Machine Learning

In the field of pattern recognition and machine learning, we consider the supervised scenario where we have a labelled training set which we use to learn the parameters of a model that predicts a target vector.

Problem type inference

We encounter the importance of semantic data types in machine learning right away, as the field distinguishes two kinds of supervised learning tasks. When predicting a finite number of discrete categories, the task is known as classification, and when predicting one or more continuous variables, it is known as regression [bishop2006pattern]. Automatically distinguishing the two might be seen trivial, however, there are ambiguous cases. Values represented by the computer as ‘0’ and ‘1’ could be both binary (a special case of a categorical variable) or continuous (a count). While in theory, we could enforce categories to have a string representation and continuous values integer or float representations, this is not the case with real-world datasets. Often data is stored in plain-text CSV files, where the distinction is lost. Automatically distinguishing between problem type is not merely a mental exercise, it is actively used in AutoML (the process of automatically applying machine learning, not the product).

For an example, see usage of typesets.

Confidence scores

When classification is used in practice, we often do not want to rely solely on the label prediction and want a measure of certainty that the model is correct. This is especially the case when a decision can have an enormous impact. Consider a medical diagnosis problem where, based on an fMRI scan, we wish to determine whether the patient has cancer. The cost of classifying a non-cancerous scan as cancerous is not as high as vice versa. One method of certainty is to let the model output a confidence score for each prediction, indicating the certainty with which the prediction is taken. A reliable confidence score gives us the option to avoid automatically making decisions on difficult cases. When we can assume that the confidence score is a probability, we can draw from tools provided by probability theory. In this special case, the confidence has to adhere to the rules of probability, such as it should be in the interval [0, 1] and that for samples predicted with 0.8 confidence that should mean that about 80% of these samples belong to the true class. A classifier is said to be well-calibrated when it adheres to these rules.

Models as Logistic regression return well-calibrated predictions by default, while others return biased scores, such as Random Forest or SVM classifiers. One can perform various analysis to understand how well a classifier is calibrated.

A hierarchical type system such as visions can be used to differentiate between confidence scores and probabilities. One then could perform specialised types of analysis based on this type.

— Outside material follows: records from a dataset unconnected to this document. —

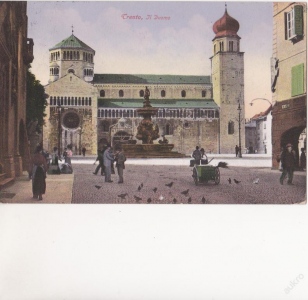 Itálie- Crento, Jl Duomo - lidé, holubi, kašna, (631014)
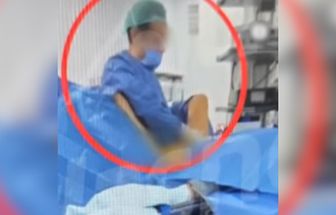 Cirurgião é acusado de abusar de pacientes sedadas em centro cirúrgico na Espanha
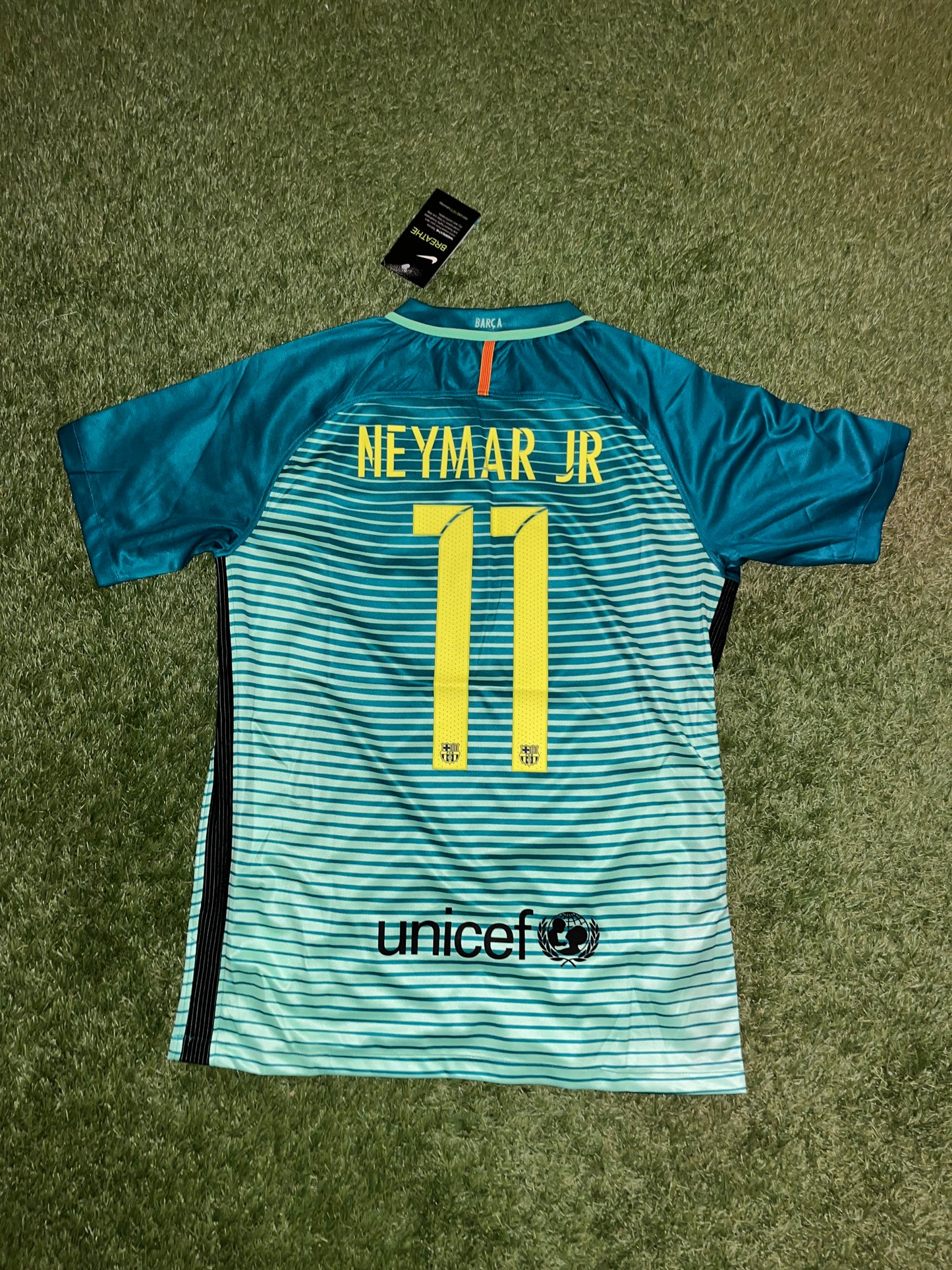 Barcelona Retro Third Kit 16-17 - NEYMAR JR 11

The scikit-learn package provides excellent resources for model calibration 1. For more background on the relevant aspects of probability and decision theory, we recommend reading [bishop2006pattern], chapter 1.5, p. 38-42.

Encoding variables

Another case in machine learning where semantic types are relevant is the encoding of variables. There are various ways to encode variables in predictive models that depend on its statistical type. For example, categorical values can be encoded as one-hot or dummy coded, random projection or via learned representations. Ordinals can be encoded as integer (or embedded). Likewise, strategies for filling missing values may also depend on the data type.

Model profiling

There are plans to implement specific model statistics in the model-profiler package (to be released). This package will focus on summarization of a model or sets of predictions and will be based on a custom visions typeset. Relevant statistics encompass error metrics, analysis of residuals and model explainers.


Bishop, C. M. (2006). Pattern recognition and machine learning. springer.